TASK DETAILS: Find where "Photo 7 of 2012" appears in the records below, then return that line and every later line exactly, stopping only at the last line.

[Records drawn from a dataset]

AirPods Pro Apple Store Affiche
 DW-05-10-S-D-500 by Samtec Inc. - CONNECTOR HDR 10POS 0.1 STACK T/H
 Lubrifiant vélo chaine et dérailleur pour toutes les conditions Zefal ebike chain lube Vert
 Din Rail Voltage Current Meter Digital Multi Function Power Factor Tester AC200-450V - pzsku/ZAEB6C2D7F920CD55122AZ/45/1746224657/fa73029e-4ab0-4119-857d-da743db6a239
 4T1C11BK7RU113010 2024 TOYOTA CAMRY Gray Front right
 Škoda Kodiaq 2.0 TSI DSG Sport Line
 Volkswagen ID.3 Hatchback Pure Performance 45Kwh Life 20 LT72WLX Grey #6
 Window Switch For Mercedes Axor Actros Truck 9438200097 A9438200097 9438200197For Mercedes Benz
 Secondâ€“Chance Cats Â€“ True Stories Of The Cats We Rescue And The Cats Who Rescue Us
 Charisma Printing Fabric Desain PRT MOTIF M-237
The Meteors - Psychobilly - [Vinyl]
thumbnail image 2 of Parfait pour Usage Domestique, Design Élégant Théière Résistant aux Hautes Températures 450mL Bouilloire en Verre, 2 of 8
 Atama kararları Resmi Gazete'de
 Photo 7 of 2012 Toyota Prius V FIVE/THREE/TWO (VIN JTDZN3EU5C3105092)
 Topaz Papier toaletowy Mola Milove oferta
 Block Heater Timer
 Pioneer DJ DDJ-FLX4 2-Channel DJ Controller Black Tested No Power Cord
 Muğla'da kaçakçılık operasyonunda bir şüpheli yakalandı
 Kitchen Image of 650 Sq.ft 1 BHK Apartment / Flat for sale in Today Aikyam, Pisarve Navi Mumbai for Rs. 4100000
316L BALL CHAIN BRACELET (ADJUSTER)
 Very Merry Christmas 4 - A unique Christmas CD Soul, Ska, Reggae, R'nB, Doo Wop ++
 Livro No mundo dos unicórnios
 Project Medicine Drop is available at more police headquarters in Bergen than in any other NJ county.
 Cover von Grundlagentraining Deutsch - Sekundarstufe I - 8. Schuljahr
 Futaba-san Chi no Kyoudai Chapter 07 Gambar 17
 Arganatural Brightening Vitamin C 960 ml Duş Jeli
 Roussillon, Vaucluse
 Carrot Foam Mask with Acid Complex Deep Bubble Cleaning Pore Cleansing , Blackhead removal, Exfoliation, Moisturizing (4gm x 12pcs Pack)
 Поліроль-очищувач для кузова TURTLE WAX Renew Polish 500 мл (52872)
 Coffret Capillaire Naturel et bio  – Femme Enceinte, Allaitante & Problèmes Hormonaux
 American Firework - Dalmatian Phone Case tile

REPLY TO THE EXERCISE:
 Photo 7 of 2012 Toyota Prius V FIVE/THREE/TWO (VIN JTDZN3EU5C3105092)
 Topaz Papier toaletowy Mola Milove oferta
 Block Heater Timer
 Pioneer DJ DDJ-FLX4 2-Channel DJ Controller Black Tested No Power Cord
 Muğla'da kaçakçılık operasyonunda bir şüpheli yakalandı
 Kitchen Image of 650 Sq.ft 1 BHK Apartment / Flat for sale in Today Aikyam, Pisarve Navi Mumbai for Rs. 4100000
316L BALL CHAIN BRACELET (ADJUSTER)
 Very Merry Christmas 4 - A unique Christmas CD Soul, Ska, Reggae, R'nB, Doo Wop ++
 Livro No mundo dos unicórnios
 Project Medicine Drop is available at more police headquarters in Bergen than in any other NJ county.
 Cover von Grundlagentraining Deutsch - Sekundarstufe I - 8. Schuljahr
 Futaba-san Chi no Kyoudai Chapter 07 Gambar 17
 Arganatural Brightening Vitamin C 960 ml Duş Jeli
 Roussillon, Vaucluse
 Carrot Foam Mask with Acid Complex Deep Bubble Cleaning Pore Cleansing , Blackhead removal, Exfoliation, Moisturizing (4gm x 12pcs Pack)
 Поліроль-очищувач для кузова TURTLE WAX Renew Polish 500 мл (52872)
 Coffret Capillaire Naturel et bio  – Femme Enceinte, Allaitante & Problèmes Hormonaux
 American Firework - Dalmatian Phone Case tile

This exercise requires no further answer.